• Work item:
Could you retype the lines below, starting at the line holding "NICETOWN Full Shading" and stopping at the line holding "Poster - Single", inclusive? Copy them exactly and drop the images.

• Material provided:
━━━━━━

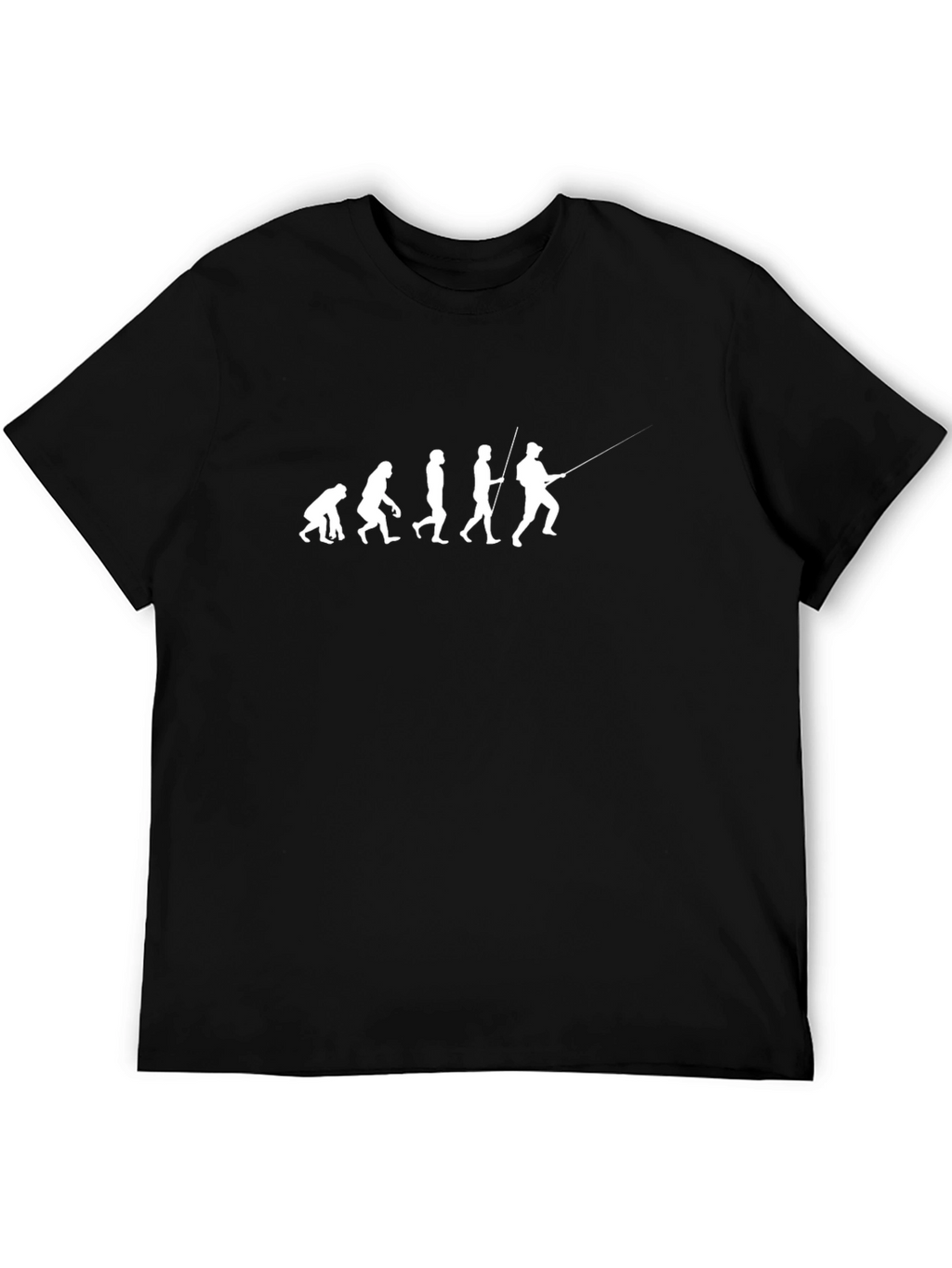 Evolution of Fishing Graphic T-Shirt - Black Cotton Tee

━━━━━━

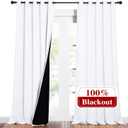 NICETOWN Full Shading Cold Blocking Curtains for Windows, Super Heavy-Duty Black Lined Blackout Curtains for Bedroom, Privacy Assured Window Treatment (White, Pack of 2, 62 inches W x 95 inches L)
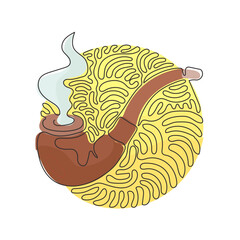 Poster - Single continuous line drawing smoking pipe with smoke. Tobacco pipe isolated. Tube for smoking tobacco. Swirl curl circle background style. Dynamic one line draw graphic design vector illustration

━━━━━━

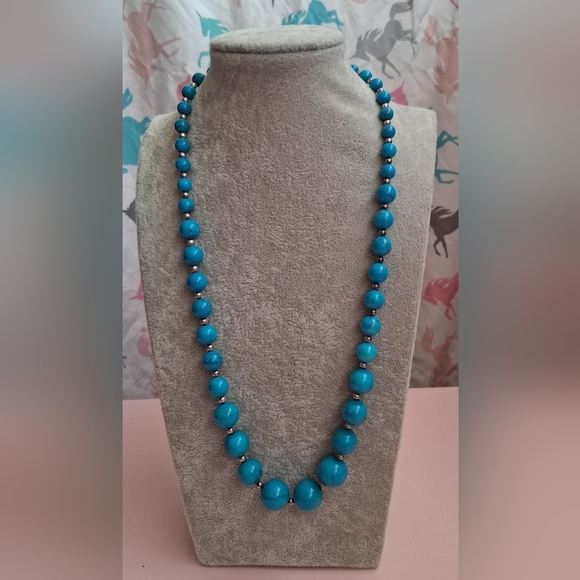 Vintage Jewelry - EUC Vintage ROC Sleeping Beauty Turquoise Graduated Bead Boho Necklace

━━━━━━

• Task result:
 NICETOWN Full Shading Cold Blocking Curtains for Windows, Super Heavy-Duty Black Lined Blackout Curtains for Bedroom, Privacy Assured Window Treatment (White, Pack of 2, 62 inches W x 95 inches L)
 Poster - Single continuous line drawing smoking pipe with smoke. Tobacco pipe isolated. Tube for smoking tobacco. Swirl curl circle background style. Dynamic one line draw graphic design vector illustration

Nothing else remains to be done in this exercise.